Press: Internationally acclaimed Tennessee Williams’ masterpiece comes to Artscape in a landmark pro
- Abrahamse & Meyer Productions
- Mar 27, 2018
- 3 min read
After a sensational, sold-out debut in the USA, local audiences now have an exclusive opportunity to see Abrahamse & Meyer’s internationally lauded, landmark revival of Tennessee Williams’ haunting classic drama, Sweet Bird of Youth at the Artscape Theatre. This visceral revival of Williams’ seminal text had American critics and audiences raving when it opened at the 12th Annual Provincetown Tennessee Williams Theatre Festival.
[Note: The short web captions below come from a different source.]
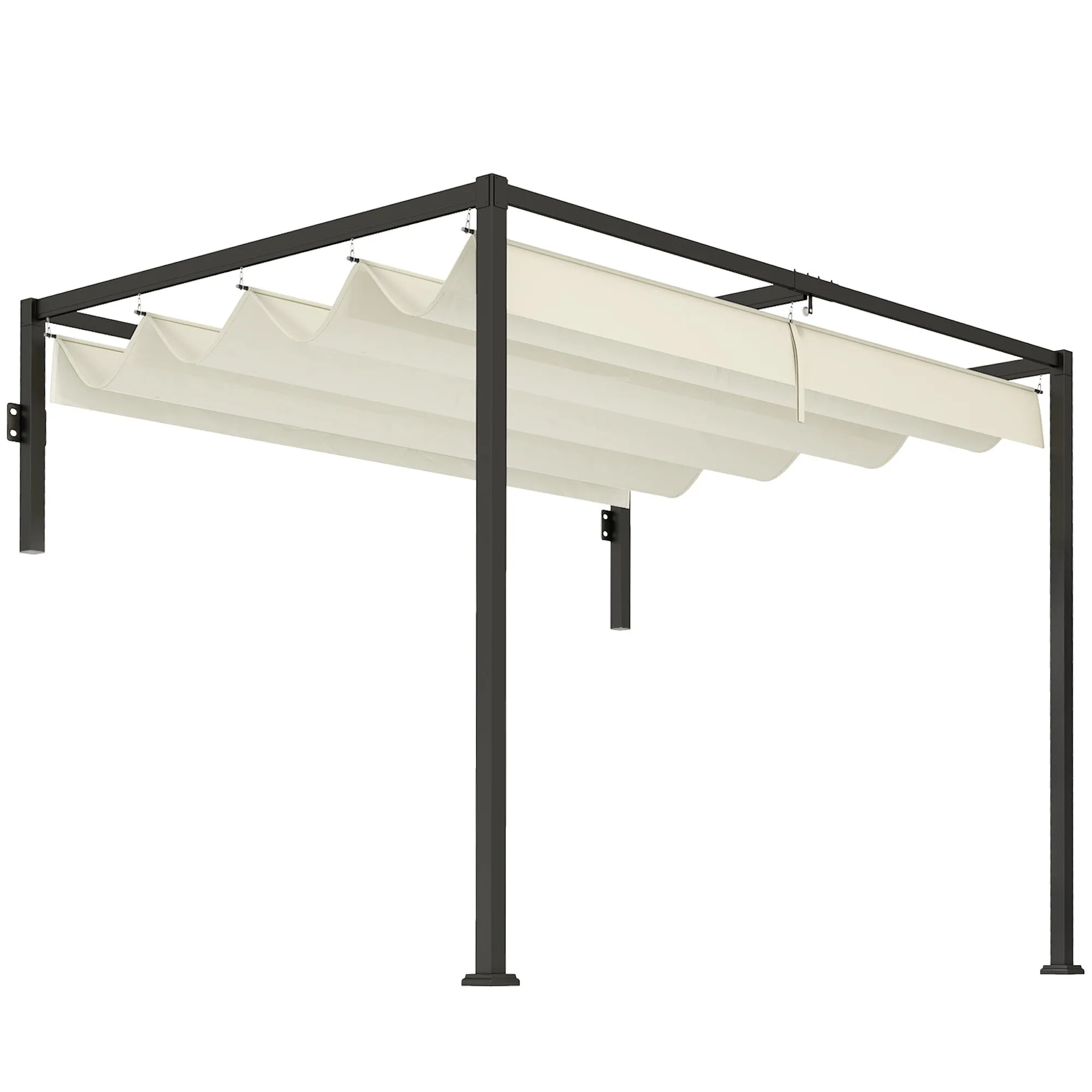 Outsunny Pergola Gazebo 3x2 m with Retractable Canopy and Drainage Holes in Steel and Polyester, Cream
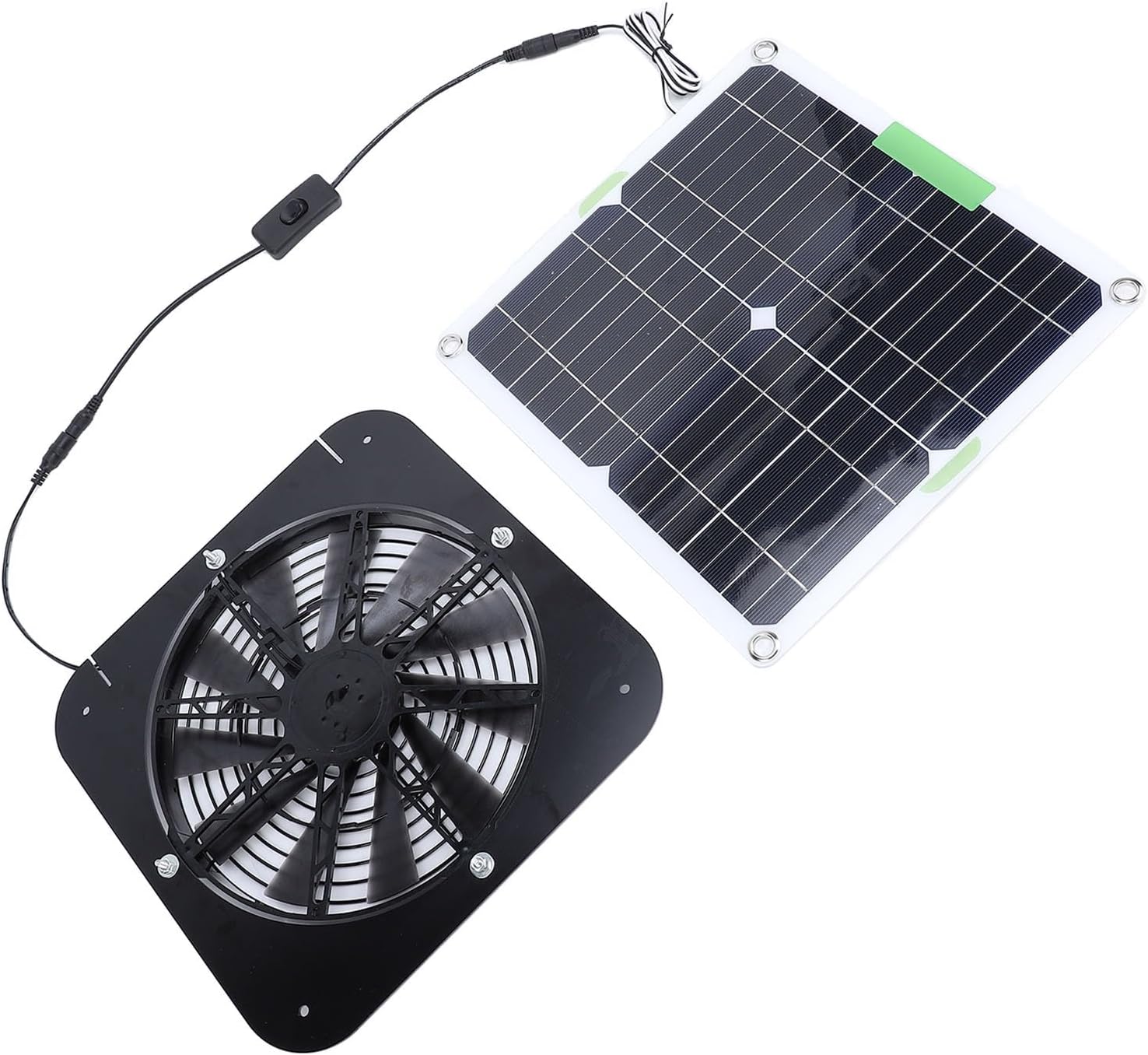 ZJchao 100W Solar Fan, 13.5inch Solar Fan for Chicken Coop, Solar Exhaust Fan with Cable Bracket for Greenhouse, Pet House, Chicken Coop, Tree House and RV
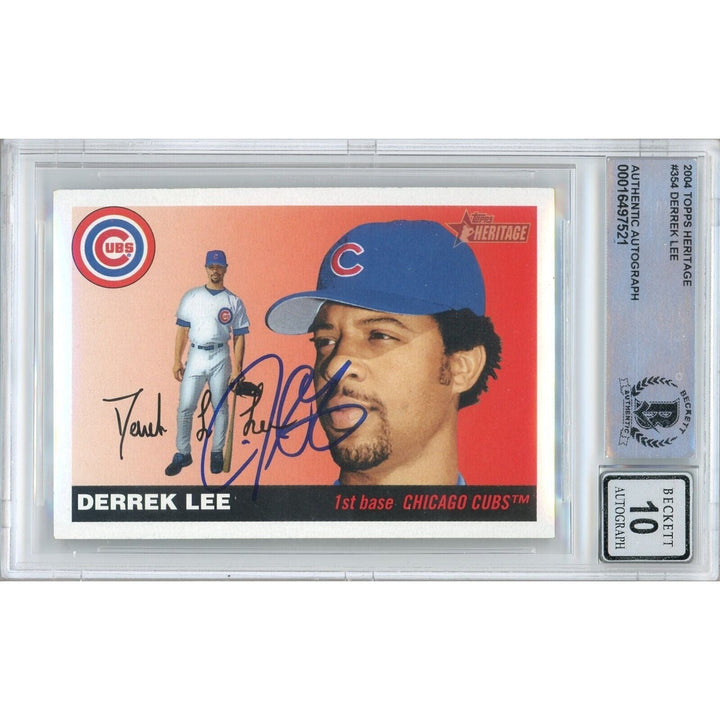 Derrek Lee Chicago Cubs Signed 2004 Topps Heritage SP Card BGS Auto 10 Graded Slab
Named one of the “Best Theatre Productions in the Boston Area in 2017”, Sweet Bird of Youth was hailed by the American press as “exceptional theatre”, “a transformative experience” and “nothing short of brilliant.” Cape Town theatre lovers have only eight performances to see this unforgettable drama in it’s only local engagement.
Set in the small town of Saint Cloud, on the Gulf Coast of Mississippi, Sweet Bird of Youth, tracks the fading dreams of hustler, Chance Wayne, a long-gone traveller returning home. Alongside Chance, former movie star Alexandra Del Lago (traveling incognito as Princess Kosmonopolis) faces her own uncertain future. The play contains some of Williams’ most evocative lyrical passages and is regarded as one of his finest dramas.
Sweet Bird of Youth opened on Broadway in 1959 starring Paul Newman as Chance Wayne and Geraldine Page as the Princess. The play was an enormous success, becoming Williams’ fourth longest running play on Broadway after A Streetcar Named Desire, Cat on a Hot Tin Roof and The Glass Menagerie. The play has been adapted for the screen twice, first in 1962 with Newman and Page recreating their Broadway roles and again in 1989 in a made-for-television film starring Elizabeth Taylor as the Princess and Mark Harmon as Chance.

This production, directed and designed by multi-award winning, Fred Abrahamse, stars doyenne of South African stage, Fiona Ramsay in the coveted role of the Princess. Ms Ramsay was last seen in Cape Town in her award-winning turn as Martha in Edward Albee’s Who’s Afraid of Virginia Woolf? Marcel Meyer plays Chance Wayne. Meyer has won acclaim at home and abroad for his portrayals of several leading characters in the Williams’ repertoire. “Princess Kosmonopolis, as played by Fiona Ramsay, is quite simply a delight. Marcel Meyer is brilliant as Chance Wayne” wrote American critic, Jeanette de Bouvier. Veteran stage actor, Michael Richard brings his magnetic presence and mellifluous voice to the villainous role of Boss Finely, the larger-than-life white-supremacist who is hell-bent on destroying Chance Wayne.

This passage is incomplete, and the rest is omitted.